§ What the task requires
What is needed is an exact copy of every line from the one containing "Housefly extreme close up" through the end of the entries; please set it down without any pictures.

Short web captions:
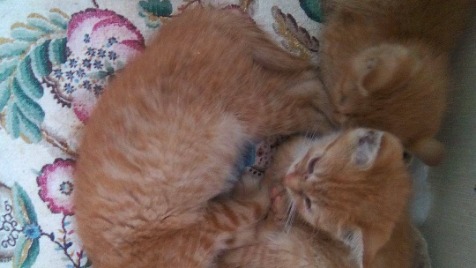 Zdjęcie aktualizacji 8 342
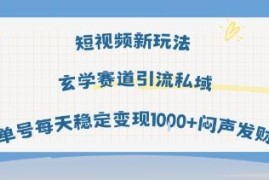 短视频玄学赛道AI玩法教程 私域引流单号日均变现千元实操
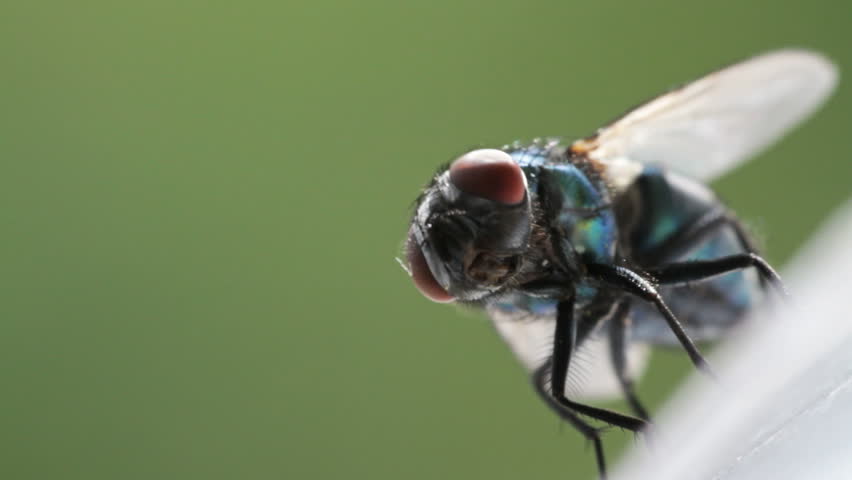 Housefly extreme close up
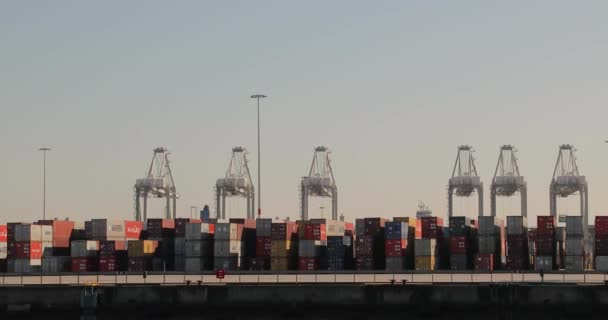 Причал промышленного контейнерного порта из воды — стоковое видео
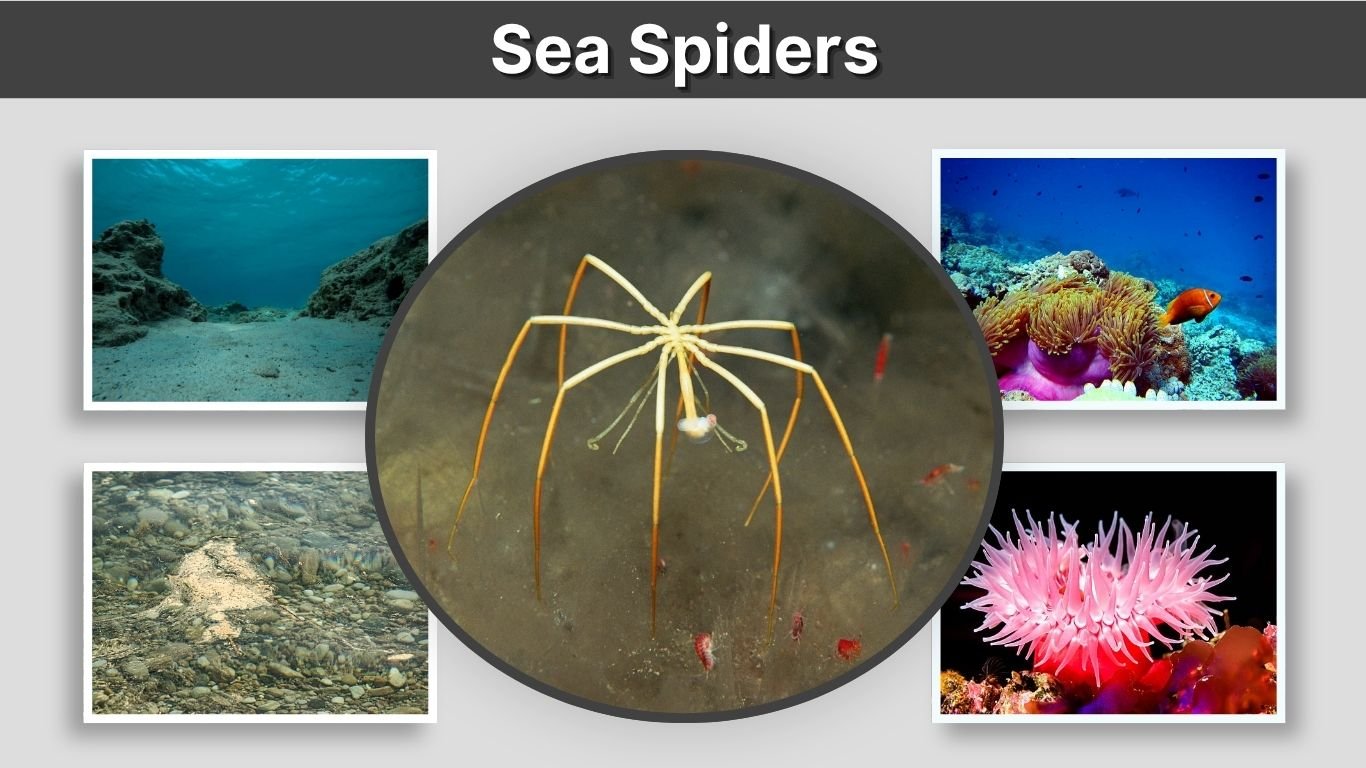 Sea Spiders: Size, Habitat, Diet, Facts & Dangers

§ Solution for this task
 Housefly extreme close up
 Причал промышленного контейнерного порта из воды — стоковое видео
 Sea Spiders: Size, Habitat, Diet, Facts & Dangers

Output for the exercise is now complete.